Transcribe exactly the stretch of lines beginning at the one containing "Шість постраждалих та" and closing with the last line of the entries below. Omit images.

## STORED DATA

━━━━━━━━━━━━━━━━

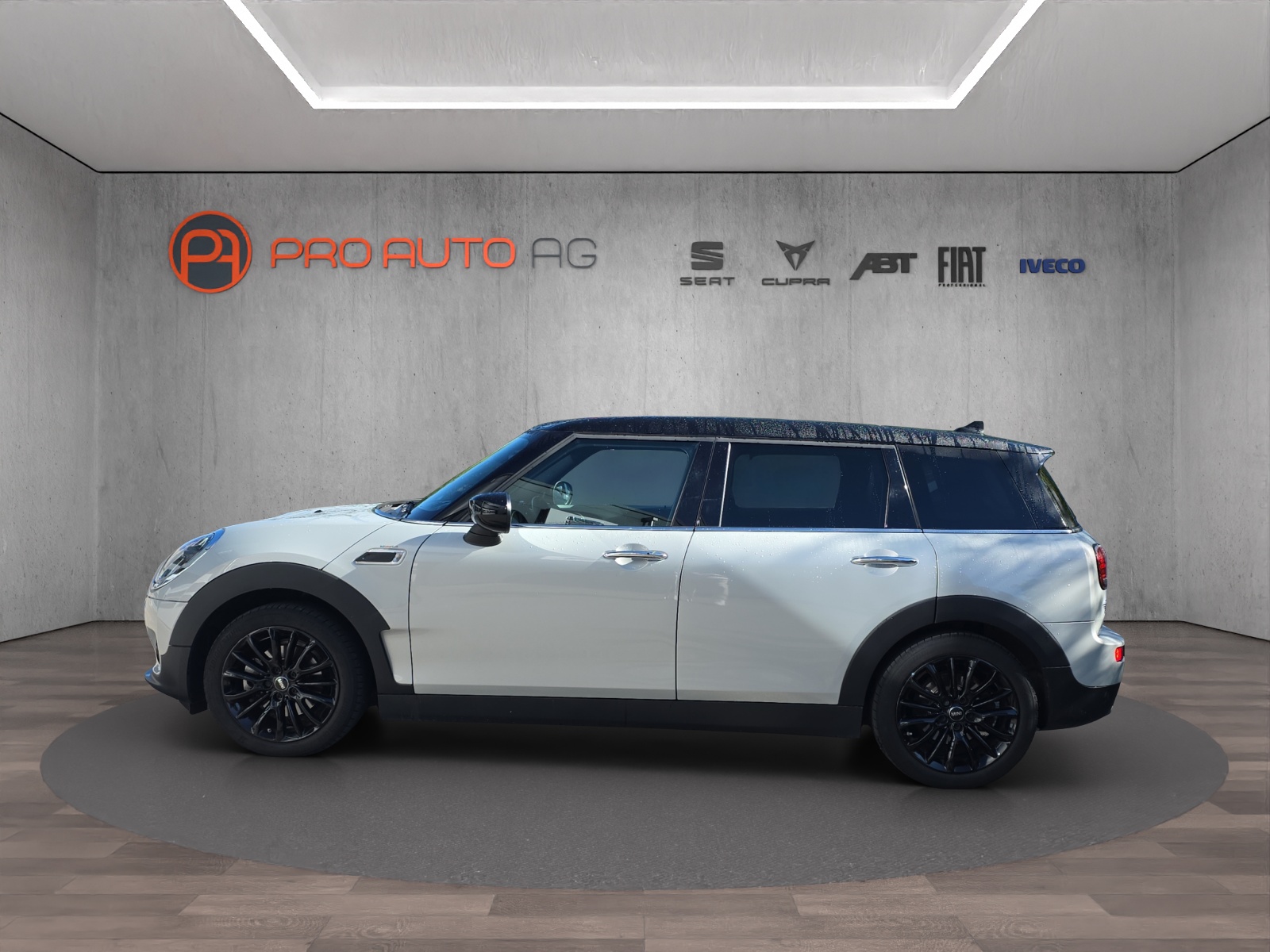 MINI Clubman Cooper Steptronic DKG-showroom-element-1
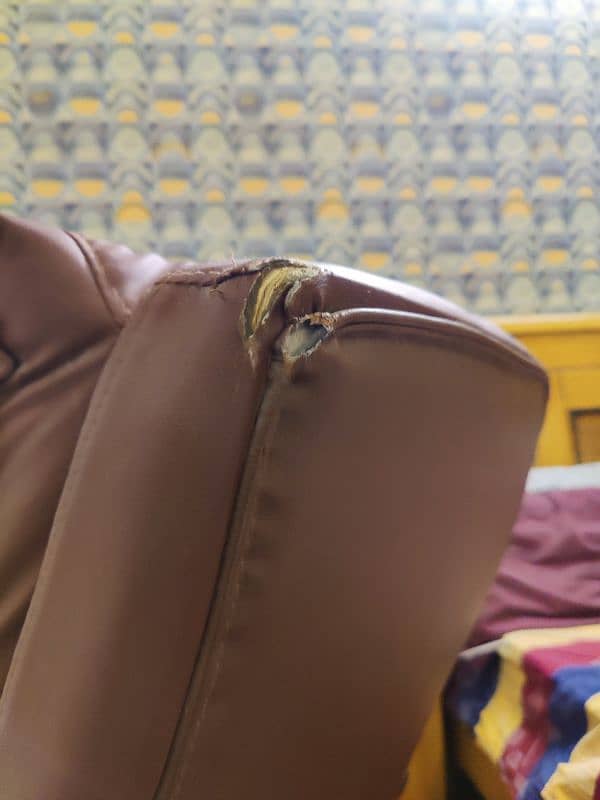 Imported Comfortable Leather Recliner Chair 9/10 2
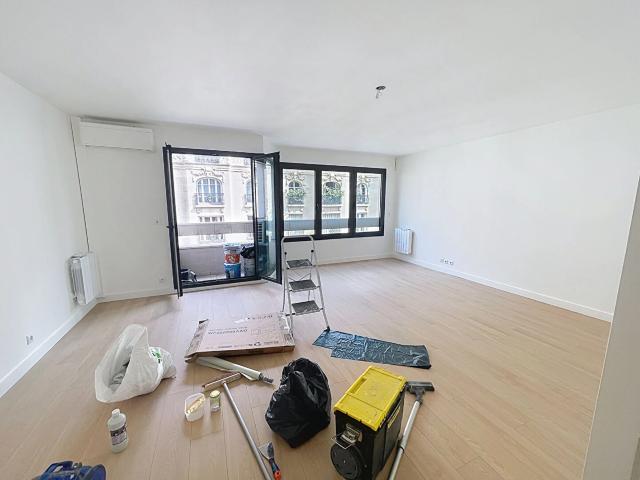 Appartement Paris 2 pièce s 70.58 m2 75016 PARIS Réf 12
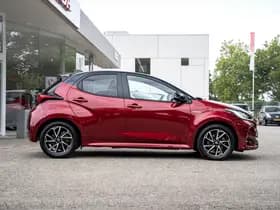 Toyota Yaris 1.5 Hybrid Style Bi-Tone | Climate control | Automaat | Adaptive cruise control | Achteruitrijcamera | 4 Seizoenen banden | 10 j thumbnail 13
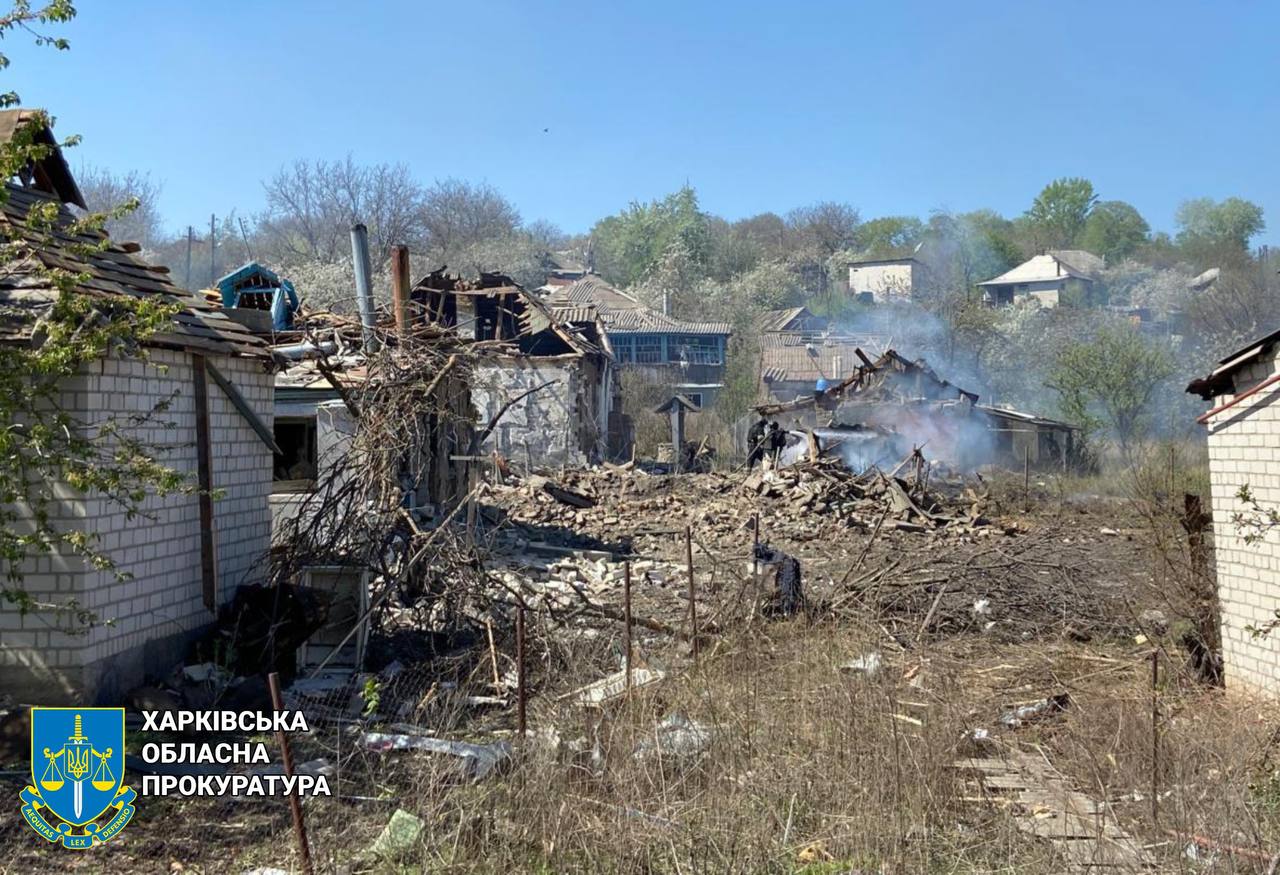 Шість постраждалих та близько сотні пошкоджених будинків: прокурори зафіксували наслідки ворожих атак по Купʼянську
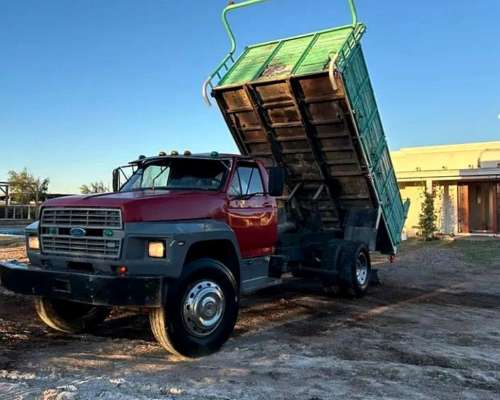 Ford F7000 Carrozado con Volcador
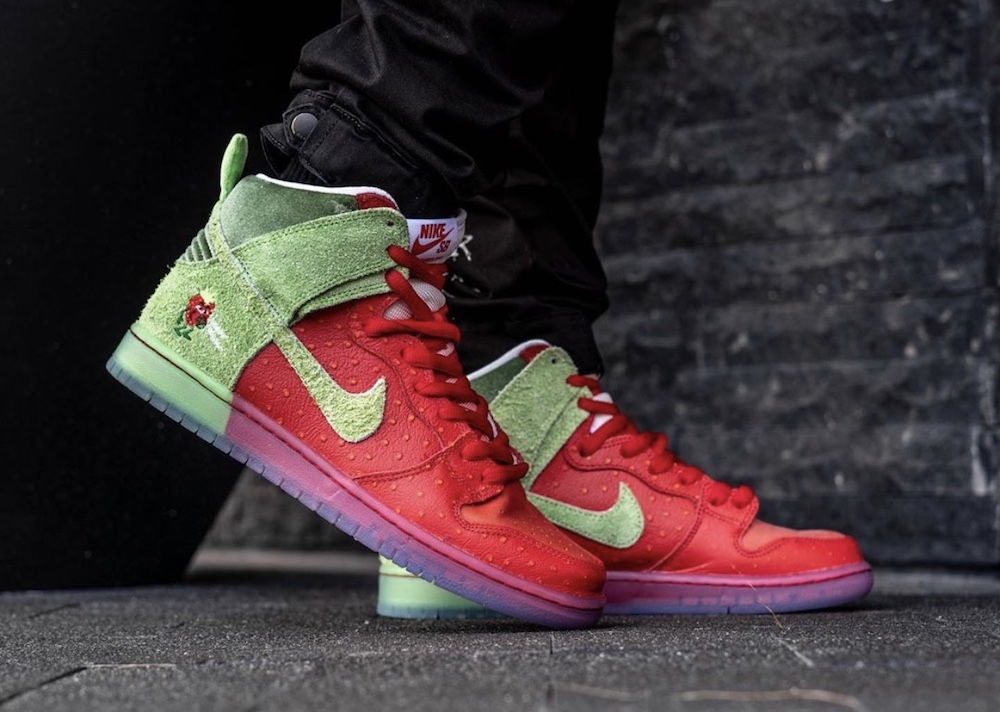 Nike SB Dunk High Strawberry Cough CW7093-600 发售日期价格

━━━━━━━━━━━━━━━━

## SOLUTION
 Шість постраждалих та близько сотні пошкоджених будинків: прокурори зафіксували наслідки ворожих атак по Купʼянську
 Ford F7000 Carrozado con Volcador
 Nike SB Dunk High Strawberry Cough CW7093-600 发售日期价格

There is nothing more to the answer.